Upon looking into things further I noticed that migrate is using @copy() to do the transfer and the @ symbol overrides the default error handling, hiding it and making it unusable for the error message that is generated. It would be nice if rather than doing this that we could specify the error handler and get return values from it for the error message.

While working through this I put a curl request to get the headers into the "if (!@copy($this->sourcePath, $destination))" block and appended the result to the error messages. Surprisingly some were 200 OK, while some were legitimately 404. Interesting.

When I bring that same file (that showed 200 OK in curl) into /devel/php running php copy() I get a 404 the first time, and a 200 OK the second time. Obviously we have a local problem!

It would be nice if we defined a custom error handler rather than simply hiding the errors. There is a D8 issue for doing this across the board here: https://drupal.org/node/1247666.

Yes, I'm aware that it is better to use a local file source than a remote one, but I'm dealing with *many* dev/staging/production environments in this case. For us that will only work in the production environment... so we have an override for that case, but ideally dev and staging would work too.

Comments

13rac1’s picture

IDK if this is really a bug, seems more like feature request. Anyway...

Here is a reduced-to-the-minimum of how I handled checking external files in an import of 95,000+ images.

   public function prepareRow($row) {
    if (parent::prepareRow($row) === FALSE) {
      watchdog('migrate_example', 'prepare row failure');
      return FALSE;
    }

    // If both path and filename are specified, change webpath to a full URL on
    // the webserver.
    if (!empty($row->filename) && !empty($row->path)) {
      $image = 'http://example.com/Source/' .
          $row->path . $row->filename . '.jpg';
      // Set the HTTP request to request only the headers and not the response body.
      stream_context_set_default(
        array(
          'http' => array(
            'method' => 'HEAD'
          )
        )
      );
      // See: http://www.php.net/manual/en/function.get-headers.php
      $headers = @get_headers($image);
      // Set the HTTP request back to GET so the system will correctly download images.
      stream_context_set_default(
        array(
          'http' => array(
            'method' => 'GET'
          )
        )
      );
      // If the result is less than 400 (200, 301, etc) then the file is found, and the URL is valid.
      if (substr($headers[0], 9, 3) < 400) {
        $row->image = $image;
        $row->image_available = 1; // A flag for Solr sorts/filters.
      }
      // URL isn't valid, so mark missing file.
      else {
        $row->image = NULL;
        $row->image_available = 0;
      }
    }
  }
Anonymous’s picture

Category: Bug report » Feature request

Good point, this should be a feature request. Thanks for posting your code!

mikeryan’s picture

Patches welcome!

Side note:

When I bring that same file (that showed 200 OK in curl) into /devel/php running php copy() I get a 404 the first time, and a 200 OK the second time. Obviously we have a local problem!

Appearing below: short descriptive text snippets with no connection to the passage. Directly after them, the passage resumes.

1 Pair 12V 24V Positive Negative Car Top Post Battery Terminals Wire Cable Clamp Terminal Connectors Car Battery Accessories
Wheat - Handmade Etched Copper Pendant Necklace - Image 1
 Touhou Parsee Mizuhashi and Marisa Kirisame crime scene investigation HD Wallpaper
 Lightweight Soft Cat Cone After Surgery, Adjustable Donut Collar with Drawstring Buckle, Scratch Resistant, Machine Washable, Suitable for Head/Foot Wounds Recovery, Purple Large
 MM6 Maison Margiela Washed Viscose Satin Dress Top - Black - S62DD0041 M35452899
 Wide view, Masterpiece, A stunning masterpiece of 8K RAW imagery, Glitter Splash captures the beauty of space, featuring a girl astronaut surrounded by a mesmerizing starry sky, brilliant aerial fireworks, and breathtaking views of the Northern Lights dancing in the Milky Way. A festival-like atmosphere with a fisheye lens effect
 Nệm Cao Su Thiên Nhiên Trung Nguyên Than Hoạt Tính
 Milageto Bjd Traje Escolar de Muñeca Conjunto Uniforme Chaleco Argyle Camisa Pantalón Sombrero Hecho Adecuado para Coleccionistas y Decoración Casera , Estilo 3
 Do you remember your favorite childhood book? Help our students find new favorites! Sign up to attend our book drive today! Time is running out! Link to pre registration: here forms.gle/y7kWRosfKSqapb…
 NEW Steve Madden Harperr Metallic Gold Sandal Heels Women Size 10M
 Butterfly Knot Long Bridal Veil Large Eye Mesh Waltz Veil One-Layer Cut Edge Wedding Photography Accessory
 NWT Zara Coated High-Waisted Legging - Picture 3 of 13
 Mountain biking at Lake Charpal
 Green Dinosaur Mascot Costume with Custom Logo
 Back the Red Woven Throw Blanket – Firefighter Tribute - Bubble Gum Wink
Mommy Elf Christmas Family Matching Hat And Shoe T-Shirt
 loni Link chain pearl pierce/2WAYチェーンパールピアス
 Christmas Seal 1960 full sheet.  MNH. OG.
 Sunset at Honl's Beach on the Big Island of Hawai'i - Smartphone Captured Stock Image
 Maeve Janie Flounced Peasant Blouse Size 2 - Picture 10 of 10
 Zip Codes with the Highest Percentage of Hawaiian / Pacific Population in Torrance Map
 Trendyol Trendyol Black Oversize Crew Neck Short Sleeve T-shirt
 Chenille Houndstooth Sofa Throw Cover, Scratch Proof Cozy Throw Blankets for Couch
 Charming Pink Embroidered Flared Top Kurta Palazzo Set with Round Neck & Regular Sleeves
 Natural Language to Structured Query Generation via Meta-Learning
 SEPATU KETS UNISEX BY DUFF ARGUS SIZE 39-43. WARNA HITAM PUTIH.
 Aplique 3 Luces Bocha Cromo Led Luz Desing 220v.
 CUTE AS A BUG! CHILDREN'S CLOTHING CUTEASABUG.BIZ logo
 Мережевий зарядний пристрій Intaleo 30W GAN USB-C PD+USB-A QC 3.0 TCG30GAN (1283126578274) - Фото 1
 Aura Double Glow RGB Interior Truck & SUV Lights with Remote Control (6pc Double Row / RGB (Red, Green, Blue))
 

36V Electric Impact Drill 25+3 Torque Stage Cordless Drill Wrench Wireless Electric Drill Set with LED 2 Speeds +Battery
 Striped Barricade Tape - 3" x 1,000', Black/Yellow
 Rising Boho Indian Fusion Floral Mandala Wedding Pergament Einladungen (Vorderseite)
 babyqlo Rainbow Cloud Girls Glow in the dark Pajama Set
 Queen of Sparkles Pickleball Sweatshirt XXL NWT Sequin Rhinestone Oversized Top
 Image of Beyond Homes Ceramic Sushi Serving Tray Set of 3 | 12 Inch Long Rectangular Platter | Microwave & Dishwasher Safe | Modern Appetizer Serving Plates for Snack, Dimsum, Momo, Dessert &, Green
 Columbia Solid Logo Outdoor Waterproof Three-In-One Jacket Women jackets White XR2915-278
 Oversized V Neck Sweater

I saw this last week - working on D8 file migration from my D6 site, every time I ran it the first file would get a 404 while the rest worked fine (and yes, it did exist at the designated URL). Changed the order and the new first file got the 404. Stepped through in the debugger, and when I took more than a few (like 3-5 seconds) between copy() calls, the next file would get a 404. I shared this among some of my colleagues here, no one could come up with a better explanation than "PHP bug". It seems to me like maybe the first call times out before the HTTP connection is made, and the connection persists as long as it isn't idle for more than X seconds...?

pifagor’s picture

Status: Active » Closed (outdated)